'Davos in the Desert' summit loses media, business support over missing journalist

A number of international business leaders and media companies are distancing themselves from Saudi Arabia ahead of an investment summit in the kingdom later this month.

The pullback from projects with the Saudi government or attendance at the three-day event that begins Oct. 23 in Riyadh follows the disappearance of a Saudi journalist, Washington Post columnist Jamal Khashoggi, who was last seen entering the Saudi consulate in Istanbul on Oct. 2.

Turkish authorities say they have evidence Khashoggi was tortured and killed in the consulate. The Gulf kingdom has called allegations the writer may have been slain are "baseless."

Saudi Crown Prince Mohammed bin Salman, 33, has aggressively pitched the kingdom as a destination for foreign investment, inviting members of the global business elite to the inaugural Future Investment Initiative last year as a way to bolster non-oil revenue.

Last October, the World Bank reported the kingdom had carried out a record number of business reforms during the past year to attract foreign investment.

But Khashoggi's disappearance, and suspicions he may have been targeted over his criticism of the crown prince, have led several business leaders and media outlets to back out of the upcoming high-profile investment conference.

Hamad I Mohammed/Reuters

Investment talks on hold 

Last Thursday, U.K. billionaire Richard Branson said he was stepping away from the directorship in two tourism projects in Saudi Arabia. He also said he was suspending talks over possible Saudi investment in his space companies Virgin Galactic and Virgin Orbit.

Bloomberg on Friday announced it was withdrawing from the conference.

"Bloomberg will no longer serve as a media partner for the Future Investment Initiative. As we do with every major event in the region, we plan to cover any news from our regional news bureau," a Bloomberg News spokesperson told Reuters.

At the same time, CNN, the Financial Times, the New York Times and CNBC, as well as reporters and editors from the Economist, said they were no longer participating in the conference, which relies heavily on journalists to moderate top sessions.

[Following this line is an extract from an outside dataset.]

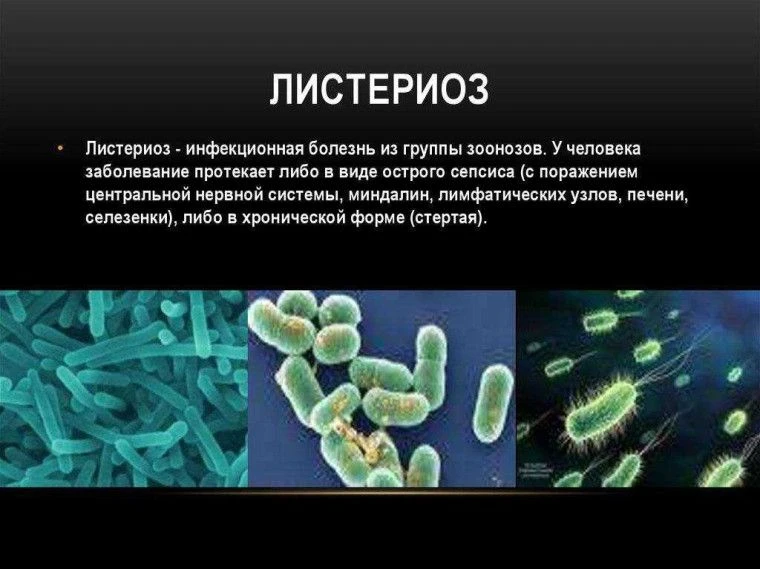 Профилактика листериоза
Листериоз – это инфекционное заболевание людей и животных, вызываемое патоге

Hasan Jamali/Associated Press

Tech companies withdrawing

Uber Technologies Inc. CEO Dara Khosrowshahi, U.S. mass media conglomerate Viacom Inc. CEO Bob Bakish and billionaire Steve Case, one of the founders of AOL, said they were no longer going.

Entrepreneur Arianna Huffington will also not participate and has resigned from the conference advisory board, her company Thrive Global said.

On Friday, conference organizers removed all the names of attendees from its website as the number of cancellations grew. But on Sunday, their website was still promising "deep engagement with global media."

World Bank cites scheduling conflict

World Bank President Jim Yong Kim, listed as a speaker, will not go to Riyadh due to a scheduling conflict, a World Bank official said on Friday.

U.S. Treasury Secretary Steve Mnuchin and top Wall Street banks will attend the conference, and U.S. President Donald Trump has said he sees no reason to block Saudi Arabian investments in the United States despite concern over the whereabouts of Khashoggi.

Europe's biggest bank HSBC declined to comment on whether CEO John Flint is still attending. HSBC is a "Strategic Partner" of the event, along with Credit Suisse whose CEO Tidjane Thiam is still planning to attend, according to a source familiar with the matter.

Bill Winters, CEO of Asia, Africa and Middle East-focused bank Standard Chartered is likewise still planning to go, a spokesperson at the lender told Reuters.

JPMorgan Chase & Co. CEO Jamie Dimon is scheduled to speak, as is Mastercard Inc. CEO Ajay Banga. Representatives for those companies, as well as Bank of America, Citigroup, Goldman Sachs and Morgan Stanley did not respond to requests for comment.

Siemens said there were no changes to the plans so far for CEO Joe Kaeser to attend.